The second Monday of October marks Indigenous Peoples Day and Columbus Day in the United States.

In 2022, President Joe Biden issued a proclamation on Indigenous Peoples Day, but Columbus Day is still celebrated as a federal holiday. Pew Research research from 2023 shows that the public, paid holiday is still observed as Columbus Day in 16 states in the US

But more states and cities are beginning to observe Indigenous Peoples Day instead of Columbus Day, potentially signaling a transition holiday as some groups advocate moving the day away from the explorers who have been celebrated for decades.

With Columbus Day just around the corner this year, here's what you need to know about the nearly centennial national holiday.

When is Columbus Day?

Both Indigenous Peoples Day and Columbus Day fall on Monday, October 14th. Both holidays typically occur on the second Monday of October each year.

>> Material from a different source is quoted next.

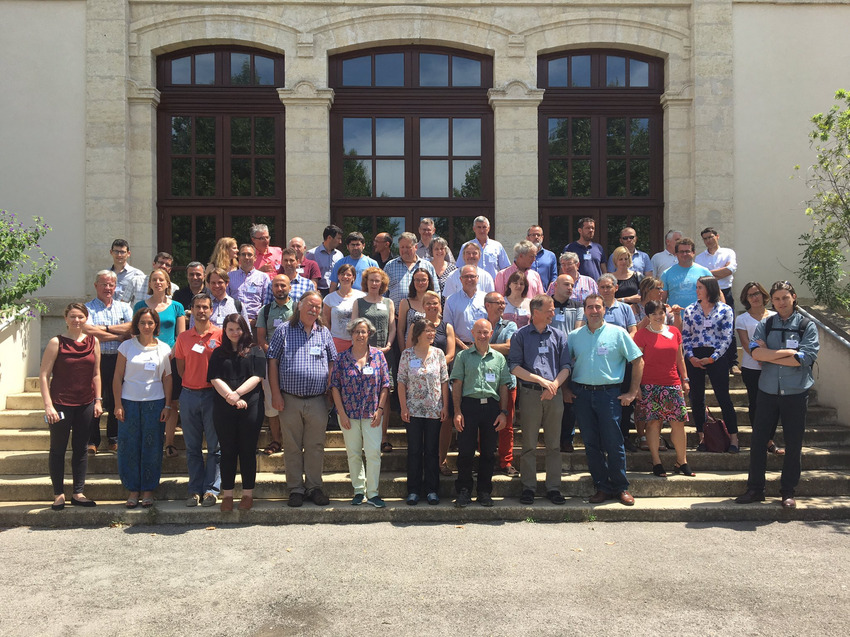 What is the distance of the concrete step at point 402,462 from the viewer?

Who was Christopher Columbus?

Christopher Columbus is widely known as the man who discovered America, but people like Leif Eriksson had also explored the continent and various Indian tribes had lived here for centuries.

Reynaldo Morales, an assistant professor at Northwestern University, is a descendant of the Quechua peoples of Peru and teaches in the media on American Indian and indigenous issues and covers environmental issues facing indigenous communities around the world.

He told USA TODAY in 2023 that Columbus and his men committed a “level of violence reaching the level of genocide that had no precedent on the great American continent before the Europeans.”

Here are some examples of the atrocities committed by Columbus, compiled by Philadelphia Magazine:

  • Columbus cut off the hands of about 10,000 locals in Haiti and the Dominican Republic for failing to deliver gold every three months.
  • He punished minor offenses by cutting off noses and ears.
  • Columbus and his crew hunted natives for fun and left them to hounds to tear them to pieces.

“We have no reason at all – just because we ignore these facts – to celebrate the legacy or figure of such a criminal,” Morales said.

Do people still celebrate Columbus Day?

Columbus Day is still a federal holiday, although some people argue that the holiday celebrates Italian heritage while others say it glorifies the exploitation and genocide of native peoples.

According to information from renamecolumbusday.org, about 29 states in the United States and Washington DC do not celebrate Columbus Day, and about 216 cities have either renamed the holiday or replaced it with Indigenous Peoples Day.

Some states recognize Indigenous Peoples Day through proclamations, others consider it an official holiday.

Why was Columbus Day celebrated?

Although Columbus landed on the American continent in 1492, Columbus Day was not celebrated as a federal holiday until 1937. That same year, President Franklin D. Roosevelt and Congress made it a federal holiday, largely due to lobbying by the Knights of Columbus, a Catholic fraternity and charity.

The first celebration of this day occurred in 1792 when New York's Columbian Order, known as Tammany Hall, celebrated the 300th anniversary of the landing.

A century later, in 1892, then-President Benjamin Harrison issued a proclamation calling on Americans to celebrate the 400th anniversary of Columbus' landing.